== THE RECORDS ==

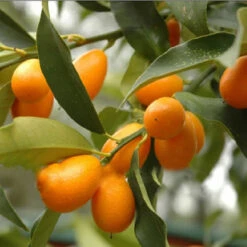 Sweet Lemon / Kumquat(Grafted) - Fruit Plants & Tree 5 Sweet Lemon / Kumquat(Grafted) - Fruit Plants & Tree -EcoHaven Shop Free shipping Bonsai Small Fruit Plants Potted 18 Piece Small Orange Tree Seeds Sweet And Lovely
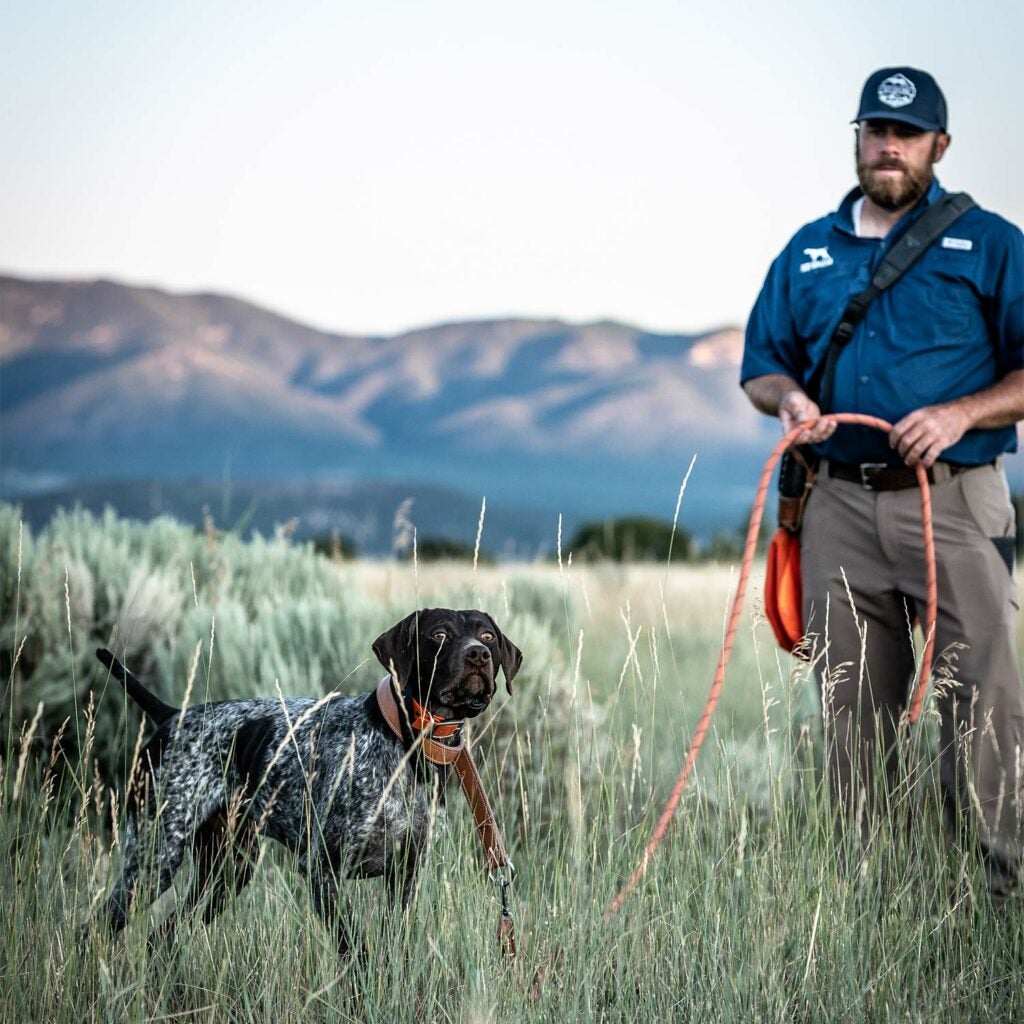 A hunter and his hunting dog in an open field.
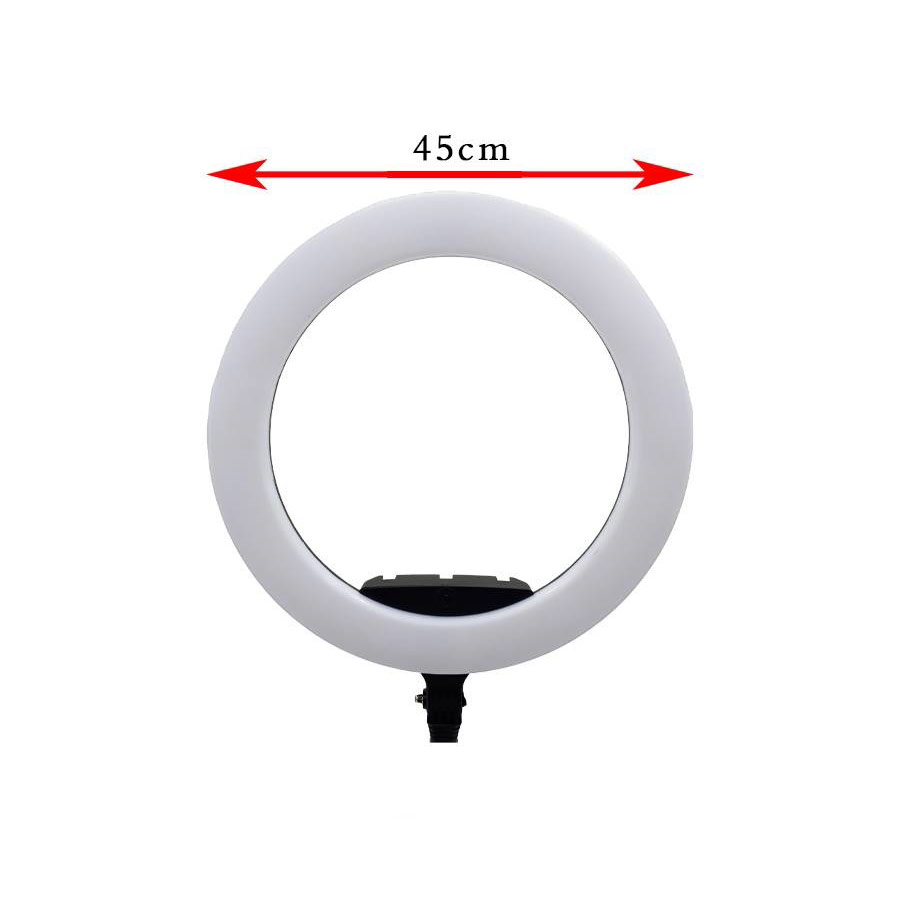 Sierra Ring Light A330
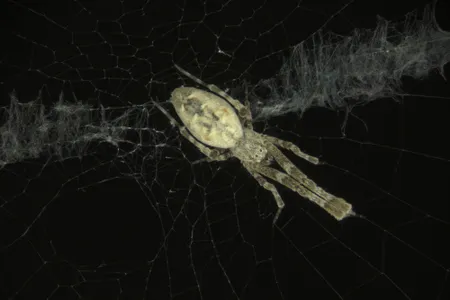 An arena consisting of a plexiglass box, infrared lights and cameras captured the spiders&#39; delicate movements.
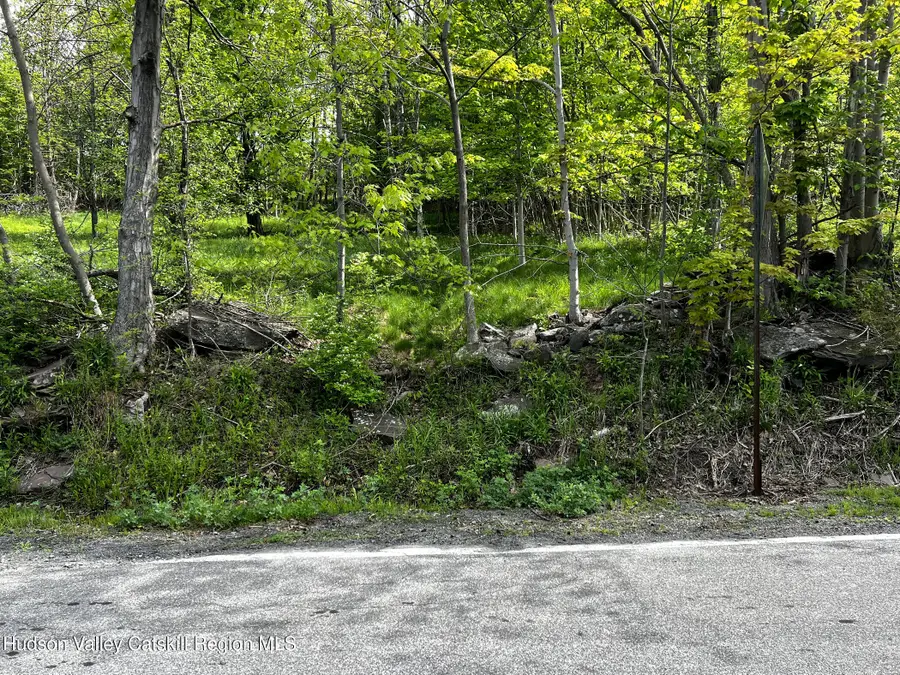 4 County Road 52, Prattsville, NY 12468 - #2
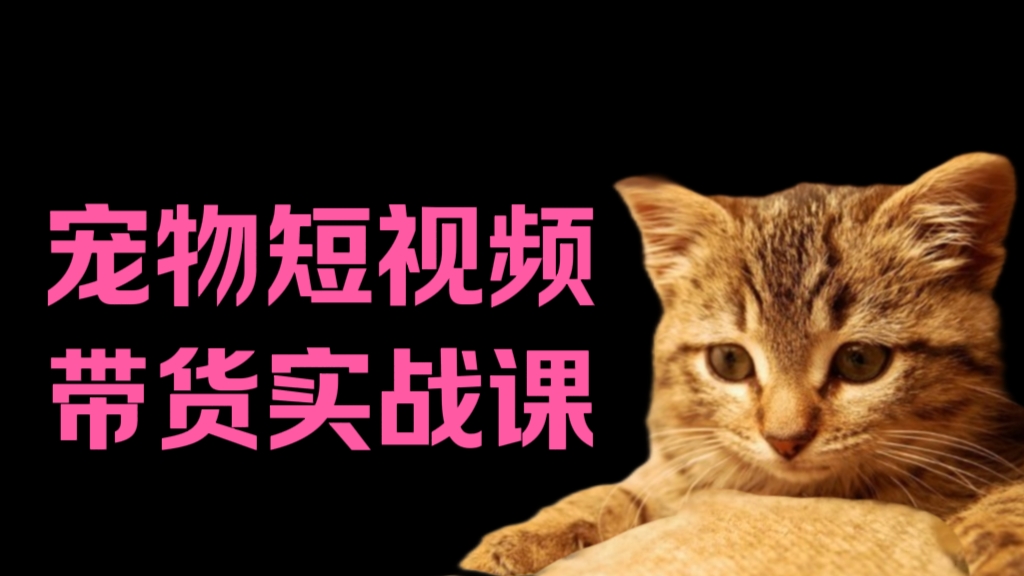 [第3049讲]宠物短视频带货实战课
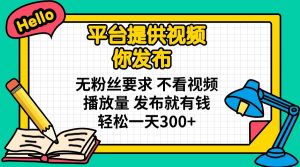 平台提供视频 你发布 无粉丝要求 不看视频播放量 发布就有钱 轻松一天300+-秋鱼网创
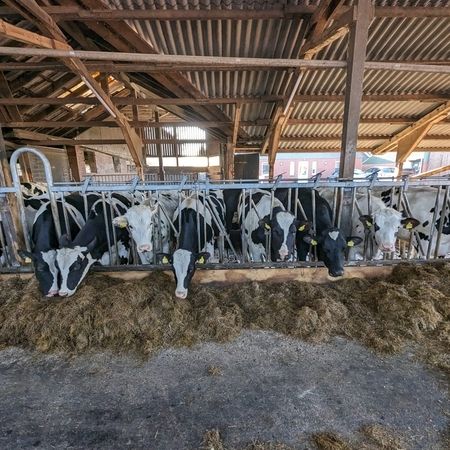 Kühe fressen Heu in einem Stall mit Selbstfangfressgitter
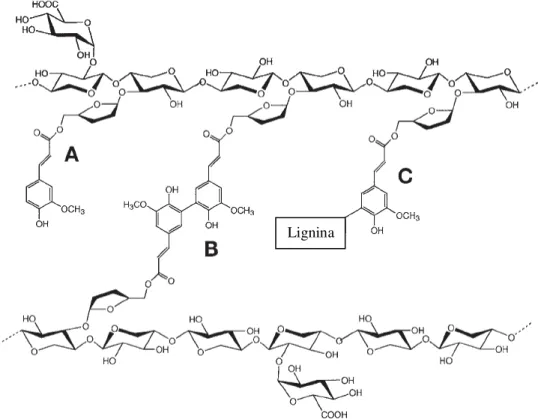 Figura  3  –   Feruloilação  do  glucoarabinoxilano,  principal  carboidrato  de  hemiceluloses  da  parede vegetal primária de alguns grupos de plantas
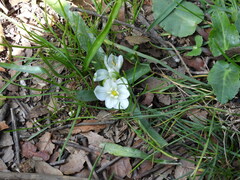Ornithogalum lanceolatum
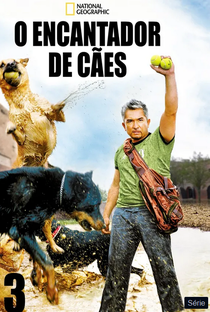 O encantador de cães (3ª temporada) - Poster / Capa / Cartaz - Oficial 1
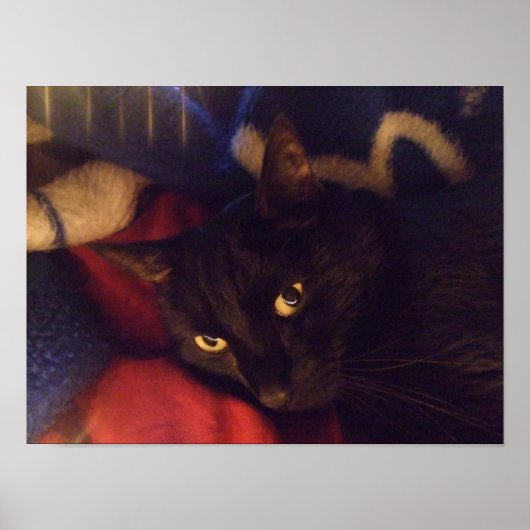 Belle affiche de chat noir (Devant)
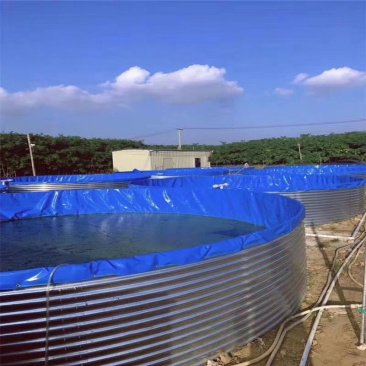 大型镀锌板帆布池种植养殖蓄水池高密度帆布池圆桶镀锌板支架
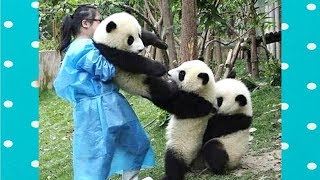 FUNNY and CUTE PANDA will make you LAUGH YOUR HEAD OFF  Funny Babies and Pets [upl. by Narcissus636]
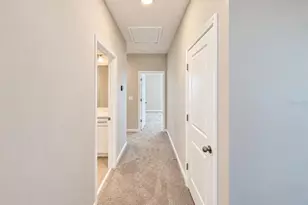 763 Pilea St, Apopka, FL 32703 - Photo 11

===

> **THE PROBLEM**
Taking the entries above, extract every line from the one bearing "A hunter and" through the one bearing "平台提供视频 你发布 无粉丝要求 不看视频播放量 发布就有钱 轻松一天300+-秋鱼网创", exactly, with no pictures.

> **ANSWER TO THIS PROBLEM**
 A hunter and his hunting dog in an open field.
 Sierra Ring Light A330
 An arena consisting of a plexiglass box, infrared lights and cameras captured the spiders&#39; delicate movements.
 4 County Road 52, Prattsville, NY 12468 - #2
 [第3049讲]宠物短视频带货实战课
 平台提供视频 你发布 无粉丝要求 不看视频播放量 发布就有钱 轻松一天300+-秋鱼网创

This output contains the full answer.